3 The parties were blessed with a child after 8 years of marriage and both agreed that they were equal partners in the care of their daughter in the early years of the child’s life. The marriage faced difficulties and in 2021 the husband left the home. They were living with the wife’s parents at that time. He filed for divorce in 2022. Through a series of mediation sessions, the parties agreed to the following:
Order of Court dated 3/4/2023
a. Parties shall have joint custody of the only child of the marriage.

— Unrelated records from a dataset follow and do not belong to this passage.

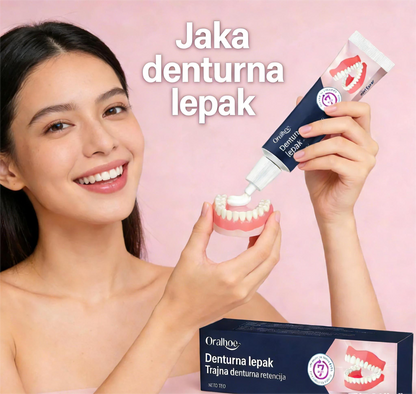 📢📢Kupi jedan dobi jedan gratis🔥POPUSTA!!🔥AdhereDent® Termoplastično ljepilo za proteze ⏳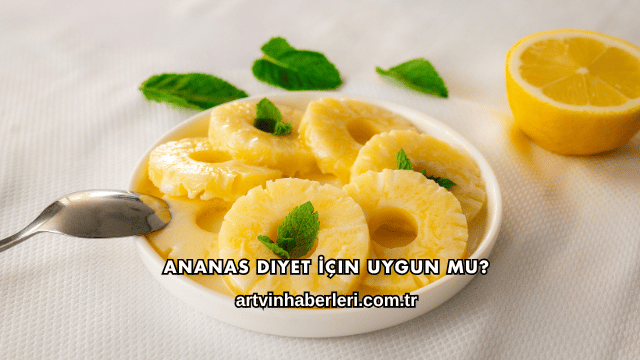 Ananas Diyet İçin Uygun mu?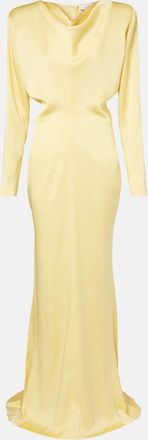 Stella McCartney Abito lungo in raso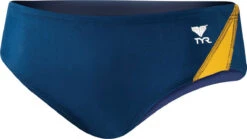TYR Juniors' Alliance Splice Racer Brief Swimsuit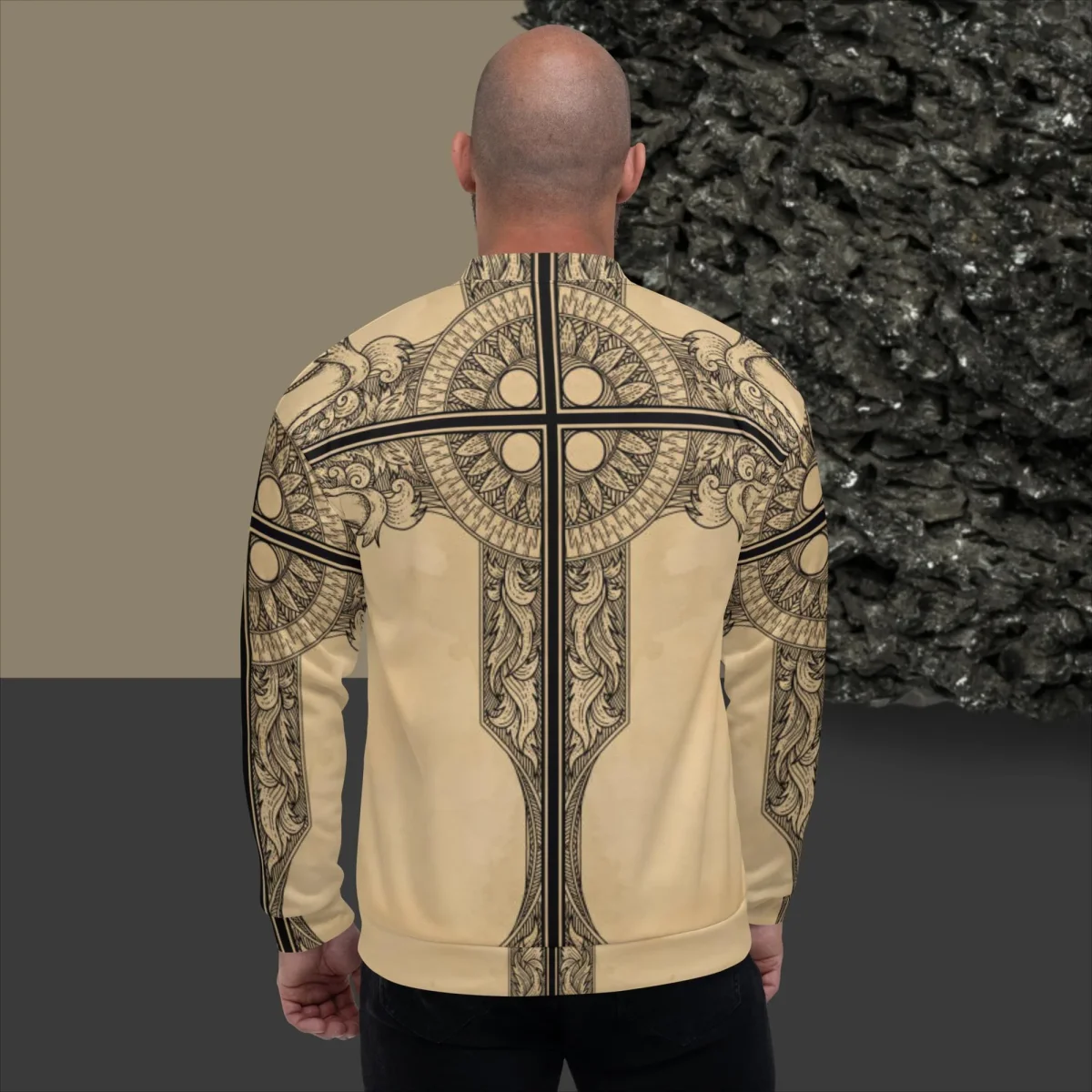 Chaqueta bomber hombre - Imagen 3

b. Parties shall have shared care and control of the child as follows:
c. Until August 2024, the father shall have care of the child on Wednesdays, Thursdays and Sundays from 11 a.m. to Monday (when the child is dropped off at school);
d. The mother shall have care of the child for the remaining period of the week;
e. The father shall have liberty to travel with the child for 18 days in July 2023, 2 weeks in February/early March 2024 (after Lunar New Year) and 3 weeks in July 2024;
f. From August 2024, the father shall have care and control of the child from Saturdays at 2 p.m. to Tuesday mornings when she is dropped off at school;
g. The mother shall have care of the daughter for the remaining period of the week;
h. The parties agree to attend co-parenting counselling after the date of this Order with the child or any other independent counsellor mutually agreed upon between the parties. The parties shall attend the co-parenting counselling once a month, commencing within one (1) month from the date of this Order. Further, parties shall share the costs of the co-parenting counselling equally; and
i. The child’s school holidays shall be split equally between the parties, with parties having the liberty to bring the child overseas during their respective shares of the school holidays.
3. There will be no make-up access should either party miss their time with their child.
4. Unless mutually agreed between the parties, neither party shall enlist the assistance of non-family members to care for the child during their time with her and neither party shall place the child ins afterschool care.
5. Where either party travels overseas with the child, the travelling party shall provide the non-travelling party with prior notice of at least one (1) month, and shall also provide the non-travelling party details of the trip, including but not limited to flights, itinerary and contact details. The plaintiff shall deposit S$20 000 to his solicitors’ firm to hold as stakeholders, at least seven (7) days prior to his overseas travels with the child, upon which the defendant shall release the child’s passports to the plaintiff in accordance with Clause 9 below.
6. Parties agree that the child shall continue to be enrolled at the XXX pre-school and thereafter she shall be enrolled at a local school.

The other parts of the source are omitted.